EXERCISE REQUIREMENTS:
Produce an exact transcription of the data, with the images left out.

THE DATA:

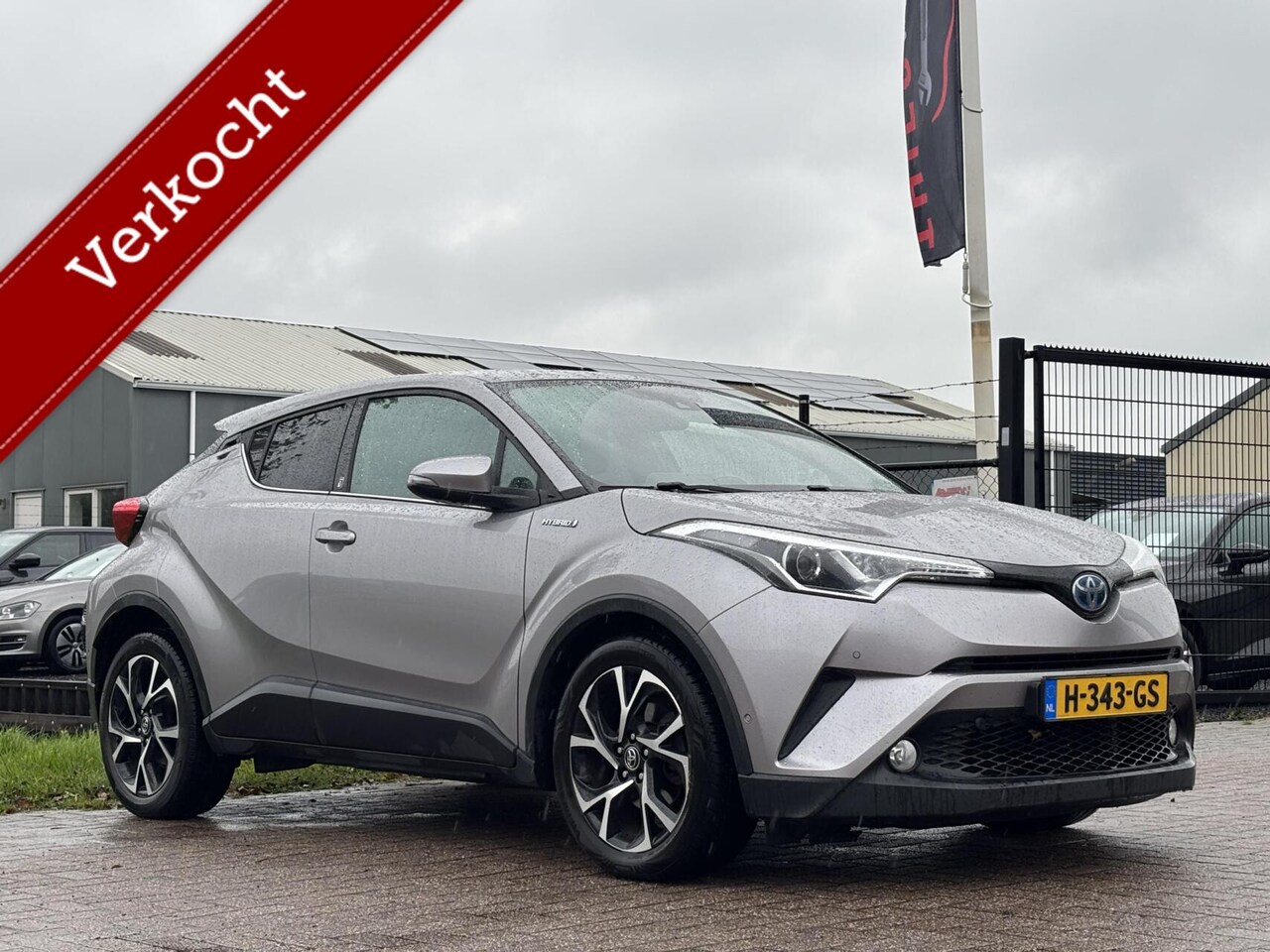Toyota C-HR - 1.8 Hybrid Bi-Tone automaat cruise navigatie - AutoWereld.nl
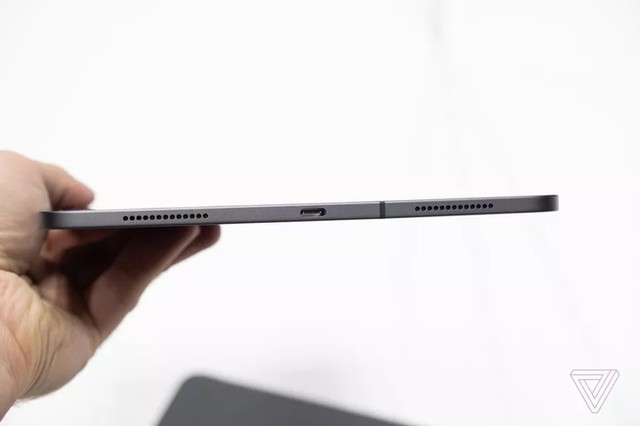 Ảnh thực tế iPad Pro 2018 viền siêu mỏng ảnh 3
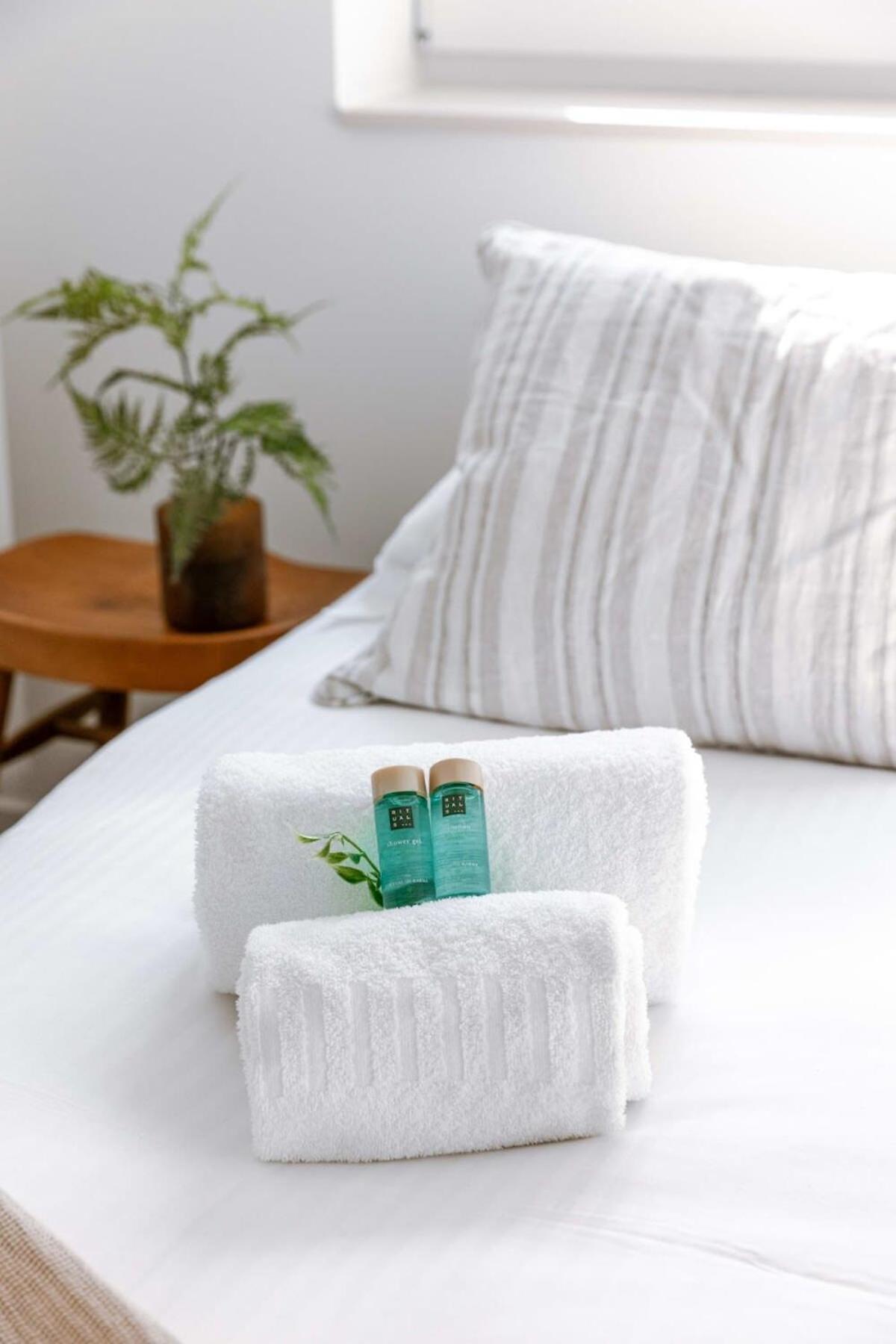 Huswell - Lovely New Apartment At The Harbor + Parking ブルージュ エクステリア 写真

EXERCISE ANSWER:
Toyota C-HR - 1.8 Hybrid Bi-Tone automaat cruise navigatie - AutoWereld.nl
 Ảnh thực tế iPad Pro 2018 viền siêu mỏng ảnh 3
 Huswell - Lovely New Apartment At The Harbor + Parking ブルージュ エクステリア 写真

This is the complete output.